Analysts, fund managers and company executives can be and are frequently wrong. But it’s rare they’re wrong enough often enough for a contrarian to make money by taking the opposite position all the time. Your default assumption should be the stock price is reasonable and the market’s assumptions are right. Insist on overwhelm-
ing evidence the Street is missing something and only invest when there’s that high margin of safety we discussed earlier. Investing on hunches simply won’t do.
The best opportunity to make money on your insight is during market extremes. Have you ever noticed that stocks already on their way up attract buy ratings?
That comes from analysts tiring of being on the wrong side of the market and jumping on the bandwagon. They may have been right about everything except timing.
There are many ways to value a stock and it’s easy to choose the wrong one. Drug companies’ profits tend to grow rapidly on the introduction of a blockbuster drug and then fall off a cliff when patent expirations hit, unless they have something new coming out of the pipeline to replace it. Any stock price target that relies too much on past performance is likely missing something important. Analysts use two or three stage discount models to account for their earnings rapid growth, plateaus and declines. Like-wise, if a stock’s dividend history is volatile, it might not make sense to estimate a target based on dividends. Try using cash flow instead.

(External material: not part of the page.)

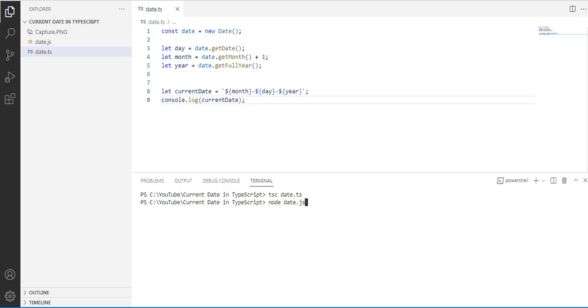And then we execute. Okay, so we have here 11-25-22, or November 25, 2022.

But the battle isn’t won simply by selecting the right way to pricing a stock. Valuation models are notorious for spitting out very precise stock values based on very fuzzy inputs. That’s why I recommend using scenario analysis to estimate growth rates. The Stock Selection Guide uses lows for dividends, multiples and earnings to develop “worst-case scenarios,” but you can take it a step further by considering what might happen in a black swan event along the lines of Boeing’s 737 Max debacle or, if looking at an investing firm, going back to the depths of the Great Recession. For more information on scenario analysis, see “Making the Stock Selection Guide Your Own” in the December 2020 issue on Page 36.

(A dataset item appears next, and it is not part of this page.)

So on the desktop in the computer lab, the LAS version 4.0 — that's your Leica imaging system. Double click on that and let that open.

The market repeats itself, but never exactly. Quant funds usually assume that patterns eventually repeat. That works very well until it doesn’t and the funds get hammered. Patterns can’t repeat because of the almost infinite influences on markets and, if they do prove reliable, investors will get in early in anticipation of them until there’s too much money bidding up the strategy and there’s little to be gained by following it.

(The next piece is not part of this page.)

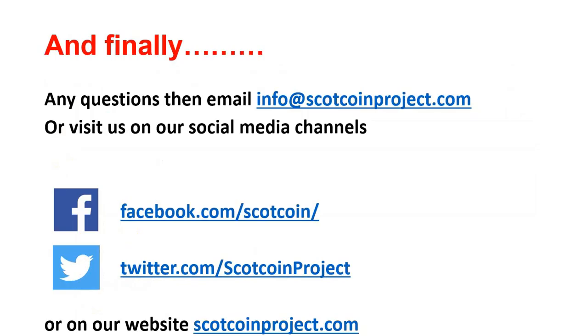Finally, any questions email info@scotcoinproject.com, visit our social media channels facebook.com/scotcoin, twitter.com/scotcoinproject, or visit our website scotcoinproject.com. Thank you and have a good day.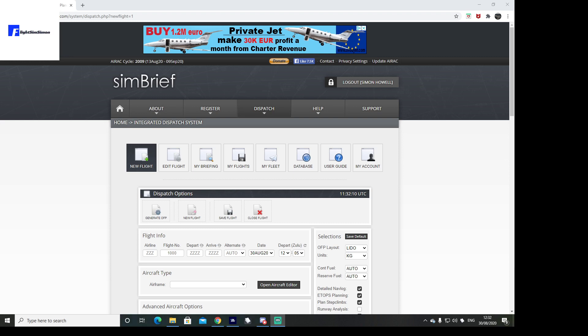Hello and thanks for watching. Today we're going to do a flight plan on SimBrief and I'm going to show you how to import that properly into Microsoft Flight Simulator 2020, and we're going to be using the A320 Neo mod.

BetterInvesting deemphasizes timing the markets. That’s smart, because timing is the most difficult aspect of investing. Market returns are very similar to random motion with a bit of upward drift. You can buy the “right” stock at the theoretically “right” time and still lose money from the market doing something completely unexpected. Rather than timing the market, BetterInvesting stresses buying the best opportunities available at the time.
That discipline has two benefits. It keeps you saving and it offsets overpaying for stock occasionally by buying when the market is cheap. That will remain a solid strategy as long as the market continues its long upward march.
Articles like this one could never give a complete list on what not to do, but the errors here I’ve either seen them repeatedly from clients or, darn it, myself. In some cases, I’ve done them more than once. I will say this, though: The mechanical errors are the most discouraging because they’re the easiest to avoid. The nice thing about stock investing is the system is biased in your favor. Inflation raises revenue and, as long as revenue is greater than expenses, profits will increase. That alone is worth a couple of percentage points in nominal return.
More importantly, America has almost always been good at growth and allocating capital efficiently. And, lastly, we have relatively free markets that are carefully, if always imperfectly, regulated, making our markets attractive to foreign investors.